En ellas, el texto que hace constantemente referencia al género, las apariencias, los roles, parece resucitado. Magdalena, por ejemplo preferiría ser hombre (“Sé que yo no me voy a casar. Prefiero llevar sacos al molino.”), Bernarda hace del duelo su esgrima fálico con sus propias hijas y Poncia desliza el sentido común que no por cierto es menos lapidario (“Deja en paz a tu hermana y si Pepe el Romano te gusta te aguantas. Además, ¿quién dice que no te puedas casar con él? Tu hermana Angustias no resiste el primer parto. Es estrecha de cintura, vieja, y con mi conocimiento te digo que se morirá. Entonces Pepe hará lo que hacen todos los viudos de esta tierra: se casará con la más joven”).
“Miramos mucho la película de Mario Camus donde Ana Belén hace de Adela, y sin duda nos influyó mucho. “Hablamos esto con la directora Daniela Ruiz”, explican adueñándose de un nosotras muy acorde con el espíritu de clan que impone la obra: “Ella nos tuvo que ubicar más de una vez diciéndonos ‘paren chicas con la película, no tenemos que hacer lo mismo’. Le hicimos caso, pero cuando sugirió que agregáramos algunos parlamentos, lo hiciéramos más actual, más irónico por ahí, terminamos decidiendo entre todas que mejor no. Que somos siete trans haciendo Lorca. No otra cosa. No cualquier cosa. Haciendo una versión lo más ajustada al texto y a la época en que transcurre. No vas a ver maquillaje, no vas a ver colores, sólo abanicos y rosarios, se comen manzanas y uvas, se toma agua y siempre hace calor, nos sofocamos y en lugar de abrir las ventanas las cerramos, lamento y autocrítica, como manda el autor. El vestuario que parece salido de la misma fábrica española es ropa de nuestras abuelas, el vestido verde es de verdad un vestido que significa mucho para quien lo lleva, y los camisones de seda blanca los hizo Geraldine. Las caras enjutas que parecen lavadas pero frescas se deben al arte de maquillarse que algunas traen de la vida y sobre todo a lo que aprendió Diana cuando trabajó con Jean François Casanovas”.
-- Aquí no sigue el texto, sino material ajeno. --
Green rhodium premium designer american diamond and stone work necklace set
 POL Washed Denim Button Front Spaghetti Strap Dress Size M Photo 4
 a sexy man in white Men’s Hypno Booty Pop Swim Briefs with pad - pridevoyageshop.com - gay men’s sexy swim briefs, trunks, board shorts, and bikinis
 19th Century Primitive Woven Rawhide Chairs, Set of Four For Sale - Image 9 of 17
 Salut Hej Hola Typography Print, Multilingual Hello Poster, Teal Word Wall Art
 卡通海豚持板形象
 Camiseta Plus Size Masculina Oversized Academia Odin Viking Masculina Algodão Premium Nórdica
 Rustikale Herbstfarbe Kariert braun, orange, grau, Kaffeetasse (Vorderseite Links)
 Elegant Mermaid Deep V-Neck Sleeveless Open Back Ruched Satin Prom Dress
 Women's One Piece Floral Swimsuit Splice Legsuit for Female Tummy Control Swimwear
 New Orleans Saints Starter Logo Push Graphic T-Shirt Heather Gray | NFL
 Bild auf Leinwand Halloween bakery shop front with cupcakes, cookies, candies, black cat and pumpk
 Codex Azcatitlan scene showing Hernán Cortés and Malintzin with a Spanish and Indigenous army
Es una obra que todos conocen, que se ha representado mil veces y se sigue haciendo. Tal vez esto sea uno de los grandes hallazgos de este espectáculo, el haber elegido una historia que todos saben o creen haber visto en la escuela, en la tele, en otro teatro. Ahora está representada por estas nosotras. Y es posible que esto signifique una parte del cambio. ¿Qué cambio? Quién sabe. Que cuando Bernarda Alba termine la obra diciendo su célebre: “¿Me habéis oído? ¡Silencio!; ¡silencio he dicho! ¡Silencio!”, signifique en realidad todo lo contrario.
La casa de Bernarda Alba
Multiespacio de Palermo JXI, Gascón 1474. Viernes 21.30 hs.